Winds of Change
I am recycling this blog from just over one year ago, because rereading it now, it seemed so long ago that I was wondering what transformation this particular transition would lead to. But only 14 months later, I am the CEO of my own fledgling company, Mammaste! I guess I stretched myself enough to grab that next thread . . . and it was not easy, since I’m definitely not as flexible as I used to be!

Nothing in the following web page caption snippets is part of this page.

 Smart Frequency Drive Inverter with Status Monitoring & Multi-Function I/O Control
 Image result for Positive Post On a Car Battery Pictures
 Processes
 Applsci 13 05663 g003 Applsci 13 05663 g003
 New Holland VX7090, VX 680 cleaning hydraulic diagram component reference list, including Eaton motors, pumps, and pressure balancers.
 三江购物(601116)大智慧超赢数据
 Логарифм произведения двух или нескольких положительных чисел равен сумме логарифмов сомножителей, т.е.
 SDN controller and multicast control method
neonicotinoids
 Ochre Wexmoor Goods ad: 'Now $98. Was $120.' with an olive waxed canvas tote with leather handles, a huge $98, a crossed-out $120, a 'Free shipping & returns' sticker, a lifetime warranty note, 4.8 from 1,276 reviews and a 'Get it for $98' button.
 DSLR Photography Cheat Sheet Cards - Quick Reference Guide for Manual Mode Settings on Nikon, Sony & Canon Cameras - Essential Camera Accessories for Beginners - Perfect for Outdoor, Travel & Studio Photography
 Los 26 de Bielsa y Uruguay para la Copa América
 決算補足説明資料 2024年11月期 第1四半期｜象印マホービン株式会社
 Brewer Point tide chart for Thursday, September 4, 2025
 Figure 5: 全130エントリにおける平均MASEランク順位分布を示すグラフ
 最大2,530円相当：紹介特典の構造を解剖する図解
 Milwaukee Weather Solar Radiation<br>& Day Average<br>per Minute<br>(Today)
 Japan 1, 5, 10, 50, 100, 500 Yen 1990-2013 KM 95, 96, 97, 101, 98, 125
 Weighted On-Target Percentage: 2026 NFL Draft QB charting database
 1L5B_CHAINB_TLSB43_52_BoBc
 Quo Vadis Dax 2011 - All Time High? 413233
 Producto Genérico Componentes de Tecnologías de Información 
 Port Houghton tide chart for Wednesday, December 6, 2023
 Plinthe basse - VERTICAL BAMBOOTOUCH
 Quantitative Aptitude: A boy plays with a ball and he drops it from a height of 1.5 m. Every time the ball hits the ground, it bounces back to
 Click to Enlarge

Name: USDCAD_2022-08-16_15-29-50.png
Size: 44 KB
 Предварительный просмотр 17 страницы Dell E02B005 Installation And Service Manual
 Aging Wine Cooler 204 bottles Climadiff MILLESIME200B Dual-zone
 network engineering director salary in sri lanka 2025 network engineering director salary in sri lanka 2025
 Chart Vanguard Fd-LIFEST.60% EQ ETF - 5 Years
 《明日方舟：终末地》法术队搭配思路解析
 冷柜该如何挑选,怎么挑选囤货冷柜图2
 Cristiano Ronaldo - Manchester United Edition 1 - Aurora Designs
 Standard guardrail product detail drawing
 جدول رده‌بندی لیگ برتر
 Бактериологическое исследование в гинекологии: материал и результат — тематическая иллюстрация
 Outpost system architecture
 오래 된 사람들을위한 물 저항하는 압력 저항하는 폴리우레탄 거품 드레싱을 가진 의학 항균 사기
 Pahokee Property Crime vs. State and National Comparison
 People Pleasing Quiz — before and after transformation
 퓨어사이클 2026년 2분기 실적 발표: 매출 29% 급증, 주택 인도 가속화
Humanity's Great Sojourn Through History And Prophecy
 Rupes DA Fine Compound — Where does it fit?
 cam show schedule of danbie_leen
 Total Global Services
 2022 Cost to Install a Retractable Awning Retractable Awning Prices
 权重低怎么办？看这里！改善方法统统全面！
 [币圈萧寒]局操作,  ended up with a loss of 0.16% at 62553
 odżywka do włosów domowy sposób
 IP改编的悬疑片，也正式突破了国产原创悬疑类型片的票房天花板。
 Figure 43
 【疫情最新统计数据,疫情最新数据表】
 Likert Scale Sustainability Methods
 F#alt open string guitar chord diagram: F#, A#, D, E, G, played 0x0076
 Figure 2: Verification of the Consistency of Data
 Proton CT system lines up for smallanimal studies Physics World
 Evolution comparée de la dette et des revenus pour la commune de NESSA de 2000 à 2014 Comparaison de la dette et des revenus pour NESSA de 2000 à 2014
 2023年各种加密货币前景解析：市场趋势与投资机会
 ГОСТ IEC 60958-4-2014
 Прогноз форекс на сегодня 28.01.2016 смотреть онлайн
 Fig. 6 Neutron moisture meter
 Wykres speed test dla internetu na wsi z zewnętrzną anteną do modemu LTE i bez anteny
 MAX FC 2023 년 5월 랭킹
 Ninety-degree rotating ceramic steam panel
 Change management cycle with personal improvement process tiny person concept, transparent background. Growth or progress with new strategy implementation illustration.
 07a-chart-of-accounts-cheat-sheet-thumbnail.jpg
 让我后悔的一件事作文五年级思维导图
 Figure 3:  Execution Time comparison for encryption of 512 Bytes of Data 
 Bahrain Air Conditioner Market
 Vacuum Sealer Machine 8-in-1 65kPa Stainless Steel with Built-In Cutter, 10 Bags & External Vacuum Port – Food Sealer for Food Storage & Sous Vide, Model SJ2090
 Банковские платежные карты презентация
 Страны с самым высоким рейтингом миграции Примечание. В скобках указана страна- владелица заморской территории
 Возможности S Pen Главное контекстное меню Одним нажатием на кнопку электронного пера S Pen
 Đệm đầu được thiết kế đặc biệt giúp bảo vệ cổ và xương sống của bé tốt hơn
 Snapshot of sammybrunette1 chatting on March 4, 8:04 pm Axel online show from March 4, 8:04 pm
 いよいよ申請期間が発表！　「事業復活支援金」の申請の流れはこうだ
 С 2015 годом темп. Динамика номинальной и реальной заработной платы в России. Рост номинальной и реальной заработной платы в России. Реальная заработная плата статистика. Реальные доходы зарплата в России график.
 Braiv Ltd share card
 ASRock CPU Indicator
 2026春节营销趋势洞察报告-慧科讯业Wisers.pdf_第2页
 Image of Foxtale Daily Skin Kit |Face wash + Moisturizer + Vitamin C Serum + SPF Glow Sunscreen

“Transitions are hard.” my friend says to me as we watch the orange bus carrying my fifth and last child to school pull away from the curb. “They just are.” she declares, just in case I missed the sincerity of her point. These words are from my dear, no-nonsense friend. Her remarks are in response to the tears welling up in my eyes. She is not a cajoler or a hugger but she pats me on the shoulder, awkwardly, like one would a dog you don’t quite trust. I’m surprised by this physical gesture from her. The thought crosses my mind that I must look pretty pathetic for her to attempt a comforting touch, and this thought is enough to make me smile. I love her for that.
Transitions ARE hard–those times when we find ourselves un-moored and floating in that in-between sea of change. It happens to most of us in varying degrees at some point. It can happen as a result of divorce, the loss of a job, children growing up and moving out, or any event that causes us to reexamine ourselves and the direction of our lives. It’s been over thirteen years since I left my job to stay home and raise my children full-time. I appreciate the gift of being able to choose to stay home and I have (mostly) loved it. But what I am drifting away from has defined me for so long, I suddenly feel like a stranger to myself.
I’ve been thinking about how I became each new incarnation of myself through prior experiences of change and transition in my life. Each time there was a point when I took a deep breath and began to look for that next thread of opportunity to follow. What I learned is you don’t find that thread with your head down. It is always up there fluttering high above you, seemingly beyond your reach until you stretch and extend yourself just enough to grab it.
I am smiling now at the obvious sentimentality of that last statement and how it would make my pragmatic friend gag. Reason enough for me to leave it in here. She is as frugal with her words as she is with her money and she would probably say again, “Transitions are hard. They just are, damn it.” Enough said.